Information provided:
--- START ---

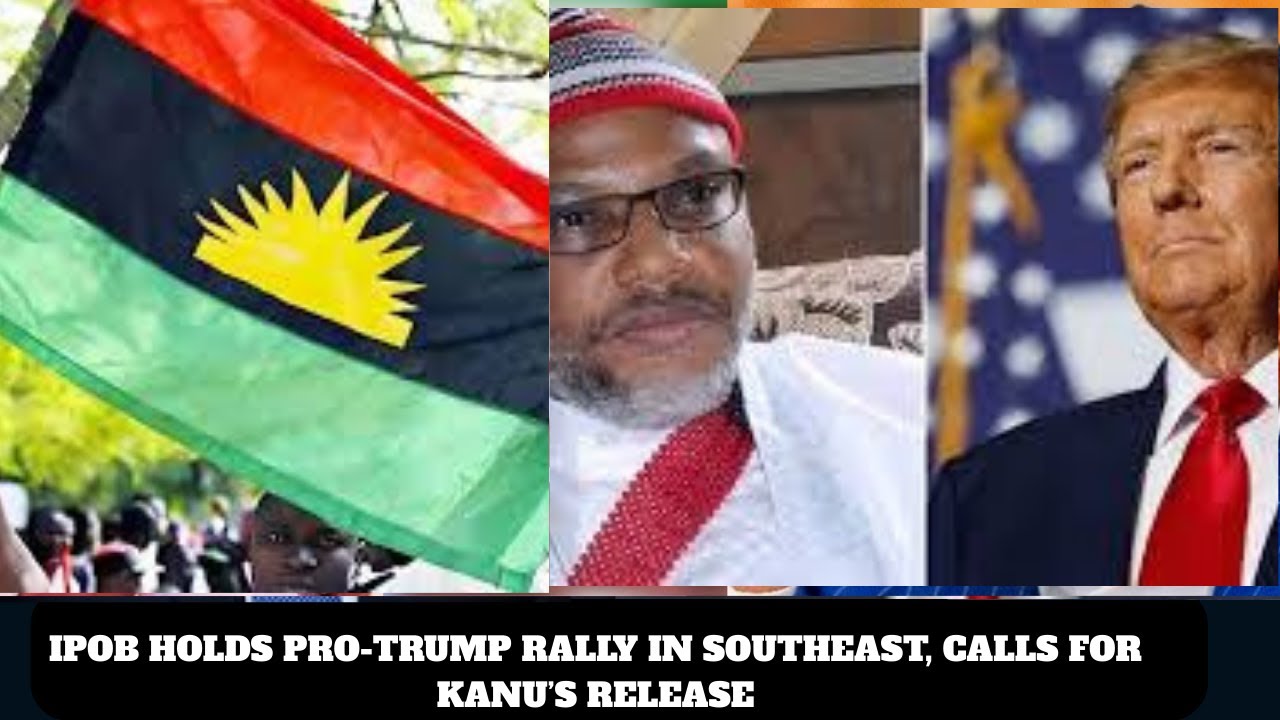IPOB HOLDS PRO-TRUMP RALLY IN SOUTHEAST, CALLS FOR KANU’S RELEASE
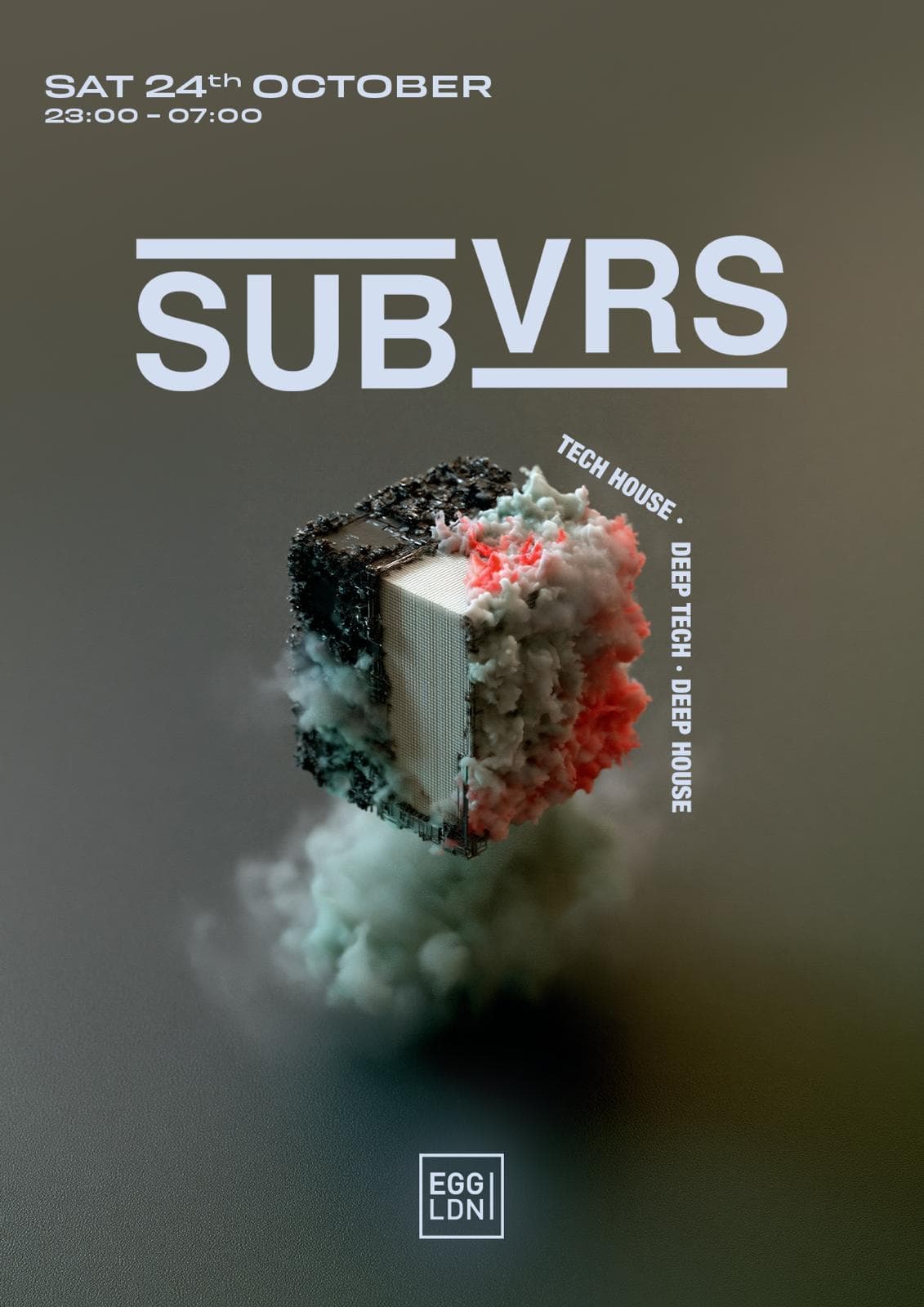 Egg LDN Pres: SUBVRS artwork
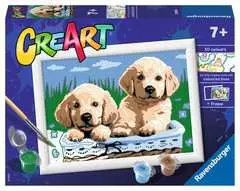 Ravensburger CreArt - Cute Puppies - bilde 1 - Klikk for å zoome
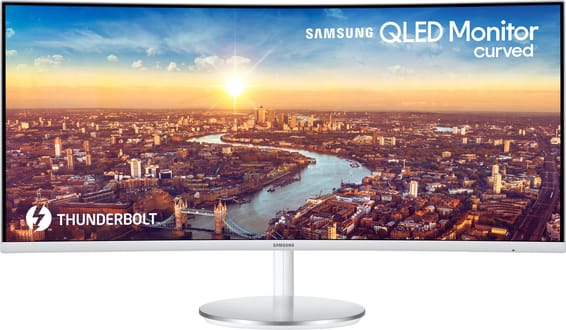 Écran incurvé 34" Samsung WQHD 100 Hz - Format 21:9 - Courbure 1500R (LC34J791WTRXEN)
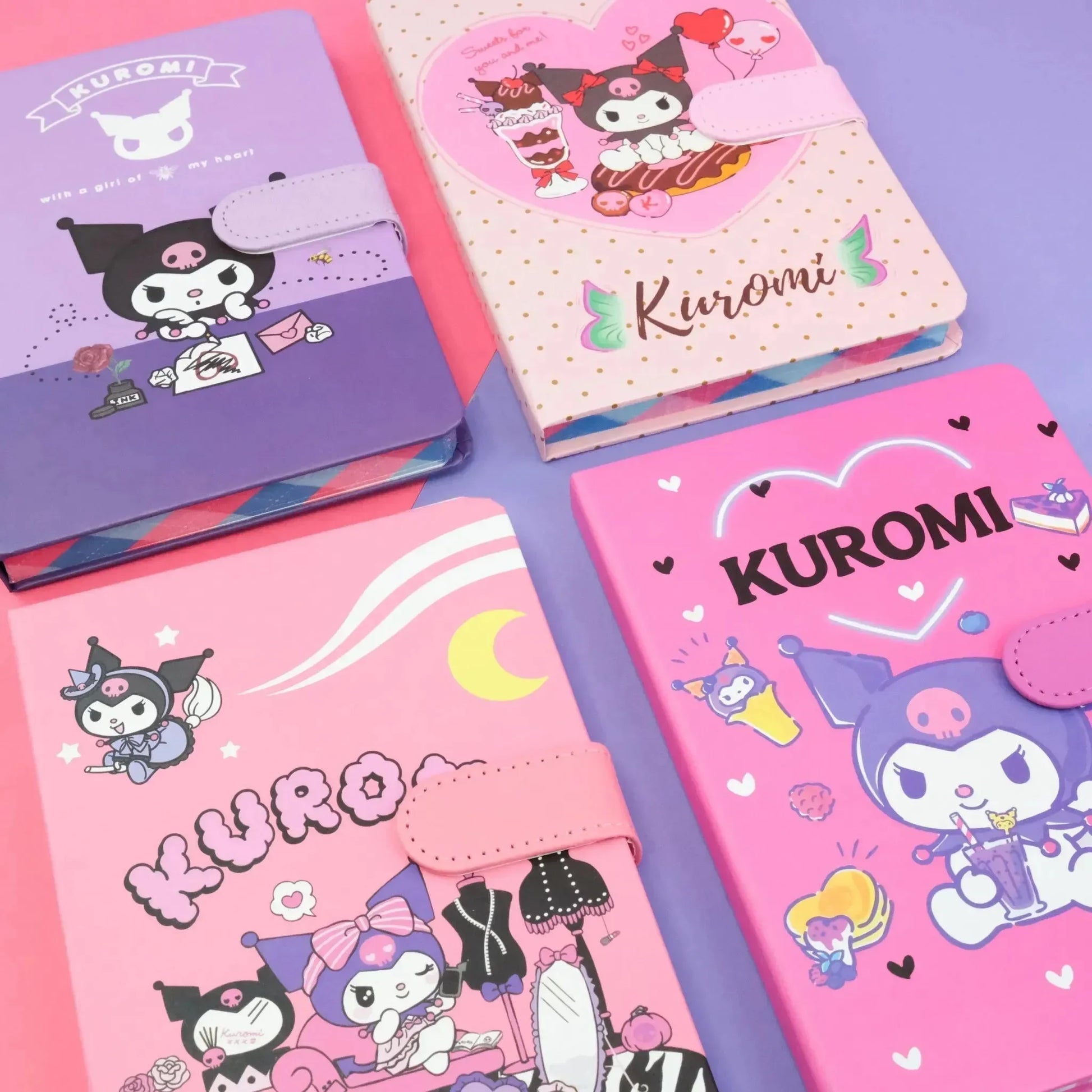 Rebel Notes Kuromi Magnetic Journal
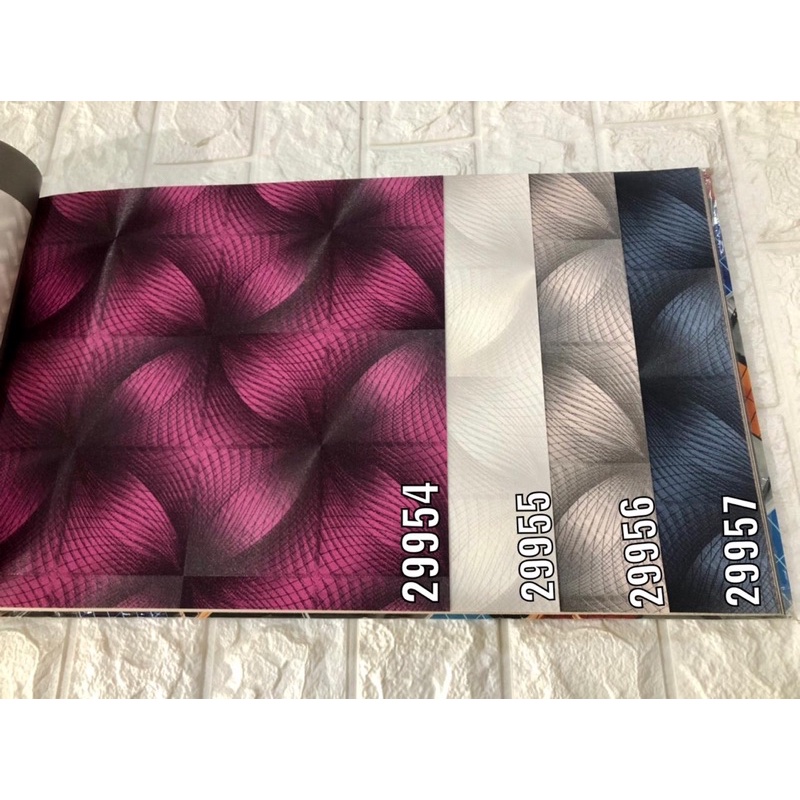 Wallpaper Dinding Motif 3D Geometric Modern Cyber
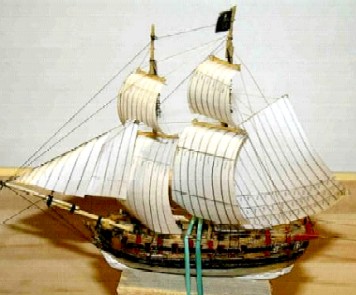 Mercury with Sails, Port Side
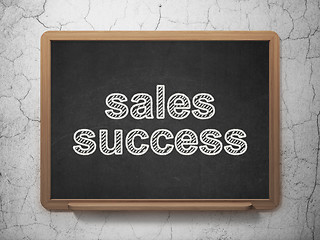 Image showing Marketing concept: Sales Success on chalkboard background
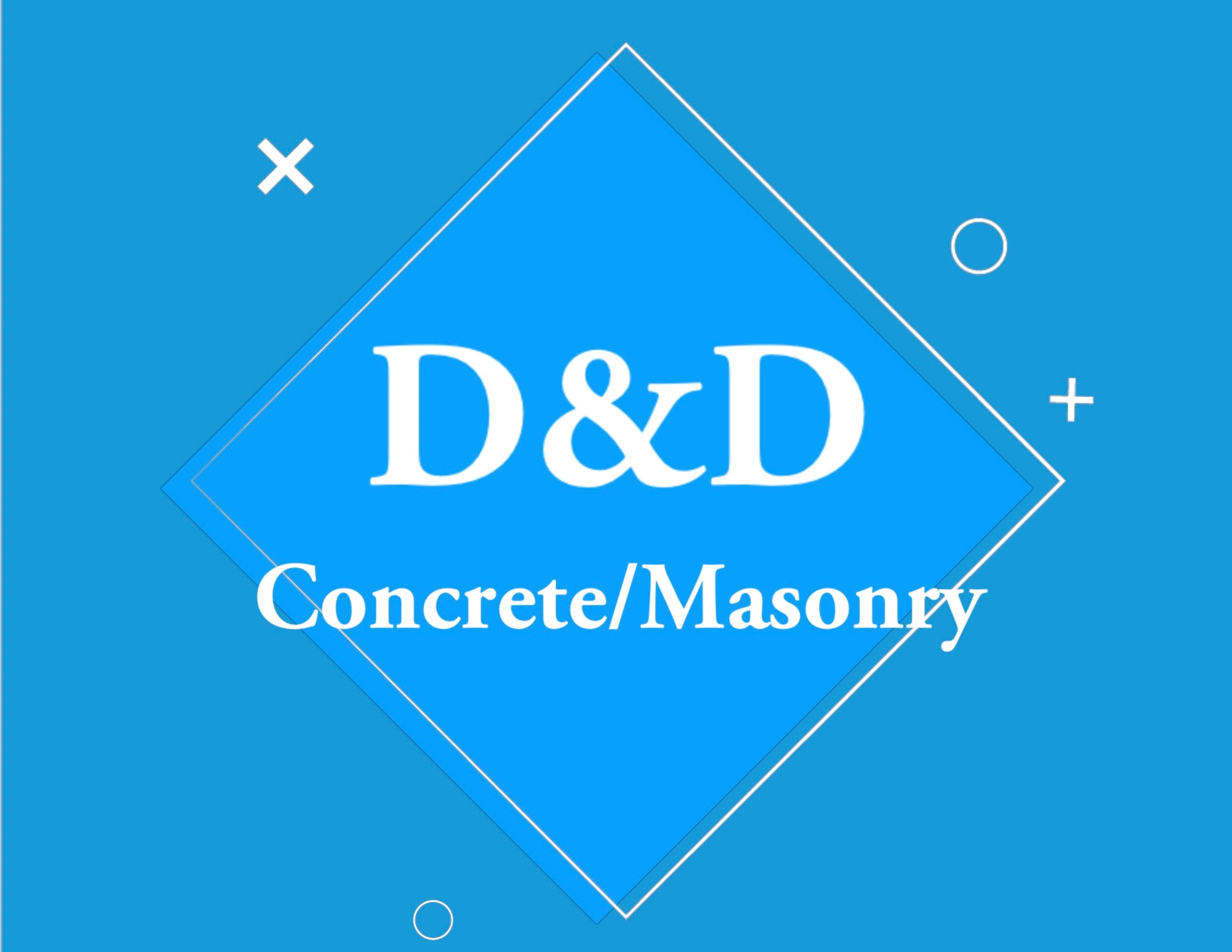D&D Concrete/Masonry, LLC Logo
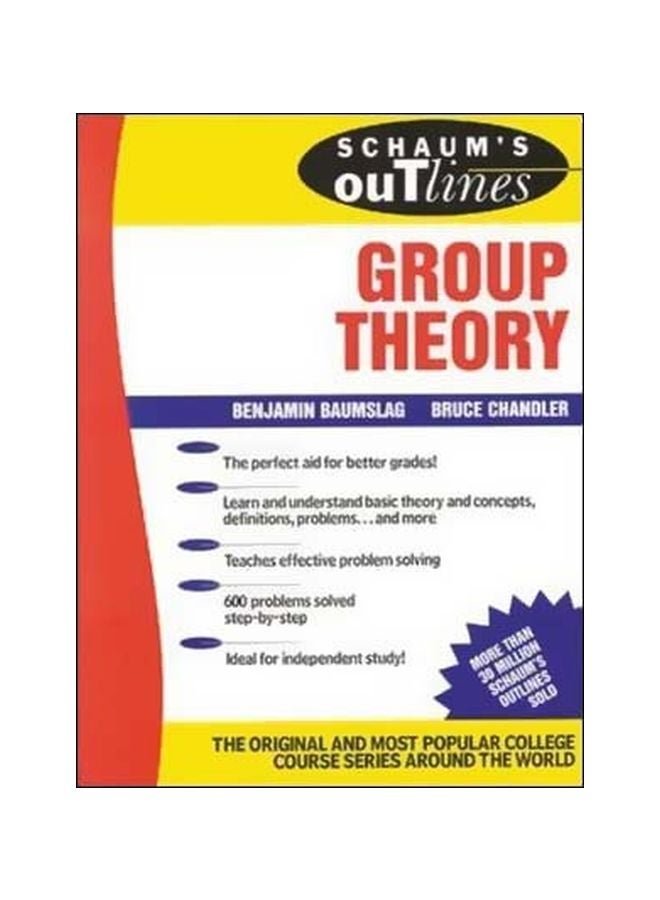 Schaum's Outline of Group Theory paperback english - 22 June 1968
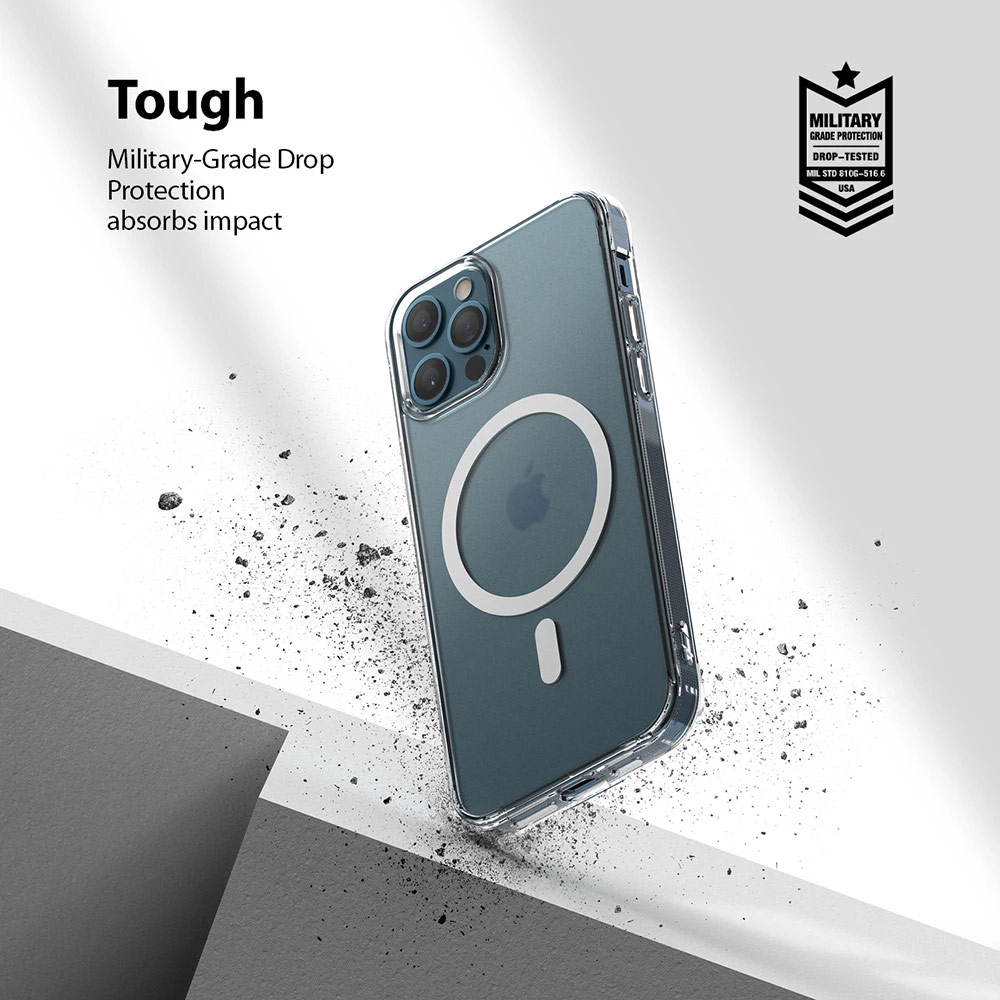 Picture of Apple iPhone 12 6.1 Case | Ringke Fusion Magnetic Protection Case for iPhone 12 iPhone 12 Pro 6.1 (Matte Clear)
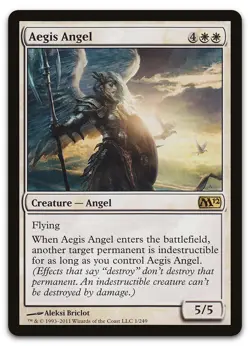 Aegis Angel #1 (LP) Magic 2012 (M12) M12 Magic MTG - Image 1
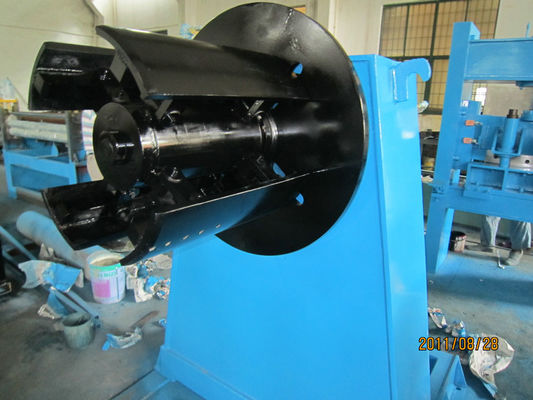 High Precision 7.5Kw Roll Slitting Machine Aluminum Coils Single Head Uncoiler Machine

--- END ---

Description of the task: The reply should hold exactly the lines above, starting at the line with "Courbure 1500R (LC34J791WTRXEN)" and ending at the line with "Schaum's Outline of", and no pictures.

Exercise solution:
 Écran incurvé 34" Samsung WQHD 100 Hz - Format 21:9 - Courbure 1500R (LC34J791WTRXEN)
 Rebel Notes Kuromi Magnetic Journal
 Wallpaper Dinding Motif 3D Geometric Modern Cyber
 Mercury with Sails, Port Side
 Image showing Marketing concept: Sales Success on chalkboard background
D&D Concrete/Masonry, LLC Logo
 Schaum's Outline of Group Theory paperback english - 22 June 1968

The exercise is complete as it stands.